◆ Data provided
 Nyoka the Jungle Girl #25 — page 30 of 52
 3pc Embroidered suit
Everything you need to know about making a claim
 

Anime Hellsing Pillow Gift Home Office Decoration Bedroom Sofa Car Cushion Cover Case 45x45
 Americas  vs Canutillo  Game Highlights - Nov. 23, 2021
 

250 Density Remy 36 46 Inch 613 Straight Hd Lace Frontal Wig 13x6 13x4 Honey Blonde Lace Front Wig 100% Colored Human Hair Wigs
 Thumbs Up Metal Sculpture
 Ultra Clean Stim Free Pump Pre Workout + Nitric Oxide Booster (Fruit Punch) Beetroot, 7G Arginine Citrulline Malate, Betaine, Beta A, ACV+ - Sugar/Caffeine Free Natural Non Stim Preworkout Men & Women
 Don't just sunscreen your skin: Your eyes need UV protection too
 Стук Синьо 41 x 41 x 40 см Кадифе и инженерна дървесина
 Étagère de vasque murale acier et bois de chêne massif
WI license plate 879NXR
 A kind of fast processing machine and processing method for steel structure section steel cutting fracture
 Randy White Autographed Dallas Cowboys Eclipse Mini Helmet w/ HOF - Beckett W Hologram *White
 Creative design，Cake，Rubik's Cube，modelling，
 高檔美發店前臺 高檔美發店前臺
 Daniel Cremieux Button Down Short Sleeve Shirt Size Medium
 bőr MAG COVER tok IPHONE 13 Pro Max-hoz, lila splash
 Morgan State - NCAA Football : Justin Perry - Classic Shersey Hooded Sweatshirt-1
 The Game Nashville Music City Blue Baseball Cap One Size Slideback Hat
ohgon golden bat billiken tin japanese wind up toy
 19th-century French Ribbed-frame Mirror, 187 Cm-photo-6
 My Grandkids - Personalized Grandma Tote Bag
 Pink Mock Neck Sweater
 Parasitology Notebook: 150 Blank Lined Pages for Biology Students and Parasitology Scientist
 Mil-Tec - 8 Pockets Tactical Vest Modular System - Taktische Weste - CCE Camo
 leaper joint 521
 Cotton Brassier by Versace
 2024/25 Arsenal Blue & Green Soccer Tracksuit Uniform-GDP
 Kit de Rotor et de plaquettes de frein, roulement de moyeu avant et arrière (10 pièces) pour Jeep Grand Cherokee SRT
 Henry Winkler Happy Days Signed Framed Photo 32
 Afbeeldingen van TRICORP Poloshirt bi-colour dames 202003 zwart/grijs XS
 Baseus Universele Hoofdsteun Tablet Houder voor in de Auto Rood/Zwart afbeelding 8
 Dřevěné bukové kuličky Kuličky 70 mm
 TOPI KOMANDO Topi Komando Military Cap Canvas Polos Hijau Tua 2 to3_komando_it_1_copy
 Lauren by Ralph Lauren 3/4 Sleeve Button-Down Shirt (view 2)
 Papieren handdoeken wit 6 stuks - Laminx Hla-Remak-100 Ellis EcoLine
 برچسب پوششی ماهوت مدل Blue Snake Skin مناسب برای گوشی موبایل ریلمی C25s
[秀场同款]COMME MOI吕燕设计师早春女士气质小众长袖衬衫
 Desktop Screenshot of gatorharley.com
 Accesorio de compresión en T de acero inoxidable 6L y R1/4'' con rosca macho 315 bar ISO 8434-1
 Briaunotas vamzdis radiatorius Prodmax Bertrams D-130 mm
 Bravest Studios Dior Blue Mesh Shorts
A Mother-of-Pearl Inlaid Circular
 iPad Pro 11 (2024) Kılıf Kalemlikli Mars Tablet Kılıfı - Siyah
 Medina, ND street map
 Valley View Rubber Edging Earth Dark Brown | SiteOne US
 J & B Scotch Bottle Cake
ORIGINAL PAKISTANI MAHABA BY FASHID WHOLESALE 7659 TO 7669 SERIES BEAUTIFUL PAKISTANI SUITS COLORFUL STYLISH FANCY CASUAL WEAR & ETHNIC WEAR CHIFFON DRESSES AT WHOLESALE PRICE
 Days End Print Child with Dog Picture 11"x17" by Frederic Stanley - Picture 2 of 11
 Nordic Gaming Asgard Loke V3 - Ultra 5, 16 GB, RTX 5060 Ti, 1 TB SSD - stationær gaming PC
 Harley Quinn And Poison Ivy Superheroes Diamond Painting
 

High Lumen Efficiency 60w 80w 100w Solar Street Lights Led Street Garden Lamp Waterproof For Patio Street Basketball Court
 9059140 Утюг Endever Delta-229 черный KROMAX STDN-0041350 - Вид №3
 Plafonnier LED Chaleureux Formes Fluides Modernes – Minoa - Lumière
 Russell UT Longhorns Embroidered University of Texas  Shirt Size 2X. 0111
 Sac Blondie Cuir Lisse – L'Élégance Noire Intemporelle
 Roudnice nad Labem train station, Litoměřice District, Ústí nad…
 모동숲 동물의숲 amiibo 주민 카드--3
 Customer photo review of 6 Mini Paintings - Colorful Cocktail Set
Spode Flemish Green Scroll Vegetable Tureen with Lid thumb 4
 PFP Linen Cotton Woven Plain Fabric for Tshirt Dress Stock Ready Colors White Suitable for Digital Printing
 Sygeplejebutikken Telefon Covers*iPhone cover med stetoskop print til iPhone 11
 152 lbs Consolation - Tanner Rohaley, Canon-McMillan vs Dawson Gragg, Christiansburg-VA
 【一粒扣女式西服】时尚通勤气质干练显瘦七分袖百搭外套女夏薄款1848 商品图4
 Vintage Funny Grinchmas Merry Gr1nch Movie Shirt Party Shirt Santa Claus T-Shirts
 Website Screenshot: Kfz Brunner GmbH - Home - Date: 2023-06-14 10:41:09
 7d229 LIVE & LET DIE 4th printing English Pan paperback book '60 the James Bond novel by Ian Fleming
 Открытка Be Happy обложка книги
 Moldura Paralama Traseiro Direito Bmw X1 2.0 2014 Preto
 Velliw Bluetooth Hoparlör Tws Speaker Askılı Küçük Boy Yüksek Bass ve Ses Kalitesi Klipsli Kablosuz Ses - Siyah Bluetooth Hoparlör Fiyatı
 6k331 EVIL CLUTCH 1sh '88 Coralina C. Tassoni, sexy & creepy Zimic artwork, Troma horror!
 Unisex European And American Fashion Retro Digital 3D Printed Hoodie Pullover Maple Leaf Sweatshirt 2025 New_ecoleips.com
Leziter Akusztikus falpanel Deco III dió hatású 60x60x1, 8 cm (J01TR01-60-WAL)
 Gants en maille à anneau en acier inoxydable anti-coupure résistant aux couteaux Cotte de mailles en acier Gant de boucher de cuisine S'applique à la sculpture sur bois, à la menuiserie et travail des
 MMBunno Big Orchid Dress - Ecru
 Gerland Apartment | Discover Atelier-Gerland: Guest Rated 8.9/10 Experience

◆ What needs to be done
Give back precisely the lines above that start at the line containing "Étagère de vasque" and end at the line containing "Parasitology Notebook: 150", inclusive. No other lines belong in the output.

◆ Expected output
 Étagère de vasque murale acier et bois de chêne massif
WI license plate 879NXR
 A kind of fast processing machine and processing method for steel structure section steel cutting fracture
 Randy White Autographed Dallas Cowboys Eclipse Mini Helmet w/ HOF - Beckett W Hologram *White
 Creative design，Cake，Rubik's Cube，modelling，
 高檔美發店前臺 高檔美發店前臺
 Daniel Cremieux Button Down Short Sleeve Shirt Size Medium
 bőr MAG COVER tok IPHONE 13 Pro Max-hoz, lila splash
 Morgan State - NCAA Football : Justin Perry - Classic Shersey Hooded Sweatshirt-1
 The Game Nashville Music City Blue Baseball Cap One Size Slideback Hat
ohgon golden bat billiken tin japanese wind up toy
 19th-century French Ribbed-frame Mirror, 187 Cm-photo-6
 My Grandkids - Personalized Grandma Tote Bag
 Pink Mock Neck Sweater
 Parasitology Notebook: 150 Blank Lined Pages for Biology Students and Parasitology Scientist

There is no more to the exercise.